Das ist eine Intervention wert
Der Grund für das Zündeln und Löschen liegt unter dem Boden: Frankreich ist brennend am Uran der ZAR interessiert. Das ist offensichtlich eine kleine Intervention wert. Denn es geht darum, verloren gegangenen Boden zurückzugewinnen. Allein in den vergangenen fünfzehn Jahren haben rohstoffhungrige neue Handelspartner wie China der sich sicher fühlenden und träge gewordenen alten Kolonialmacht in Afrika rund die Hälfte ihrer Marktanteile abgeluchst. Das soll jetzt wieder anders werden. Bei einem Treffen mit UnternehmerInnen kündigte Präsident François Hollande kürzlich an, das Handelsvolumen mit dem Kontinent solle in den kommenden Jahren verdoppelt werden.

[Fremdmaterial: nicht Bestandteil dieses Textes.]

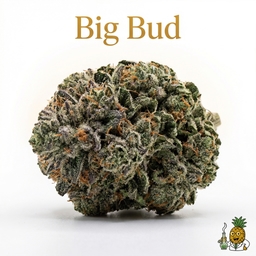Big Bud cannabis strain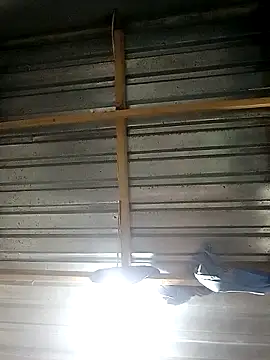 BigGamecharger live sex cam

Und Handel, so scheint es, sichert man am besten durch enge militärisch Bande ab: Allein im kommenden Jahr will Frankreich 20 000 SoldatInnen aus afrikanischen Staaten ausbilden. So etwas schafft Loyalitäten. Und es mag auch dafür sorgen, dass künftige Interventionen dann tatsächlich so leicht und kurzlebig werden wie der blutrote Sangaris-Schmetterling.
Weiterhin Krieg in Mali
Bald ein Jahr nach dem Beginn der französischen Militärintervention in Mali ist das Land noch immer nicht befriedet. Anfang dieser Woche töteten französische SoldatInnen im Norden des Landes neunzehn angebliche Islamisten. Kämpfer der al-Kaida nahestehenden Milizen halten sich weiterhin in der Wüste nördlich von Timbuktu versteckt. In den vergangenen Wochen nahm die Zahl ihrer Angriffe auf dort stationierte Uno-Blauhelme zu. Im November wurden zudem nahe der Stadt Kidal zwei französische Journalisten getötet. Die Dschihadisten hatten Anfang des Jahres einen Aufstand von Unabhängigkeitskämpfern der Tuareg gegen die malische Regierung in Bamako genutzt, um sich im Norden des Landes festzusetzen.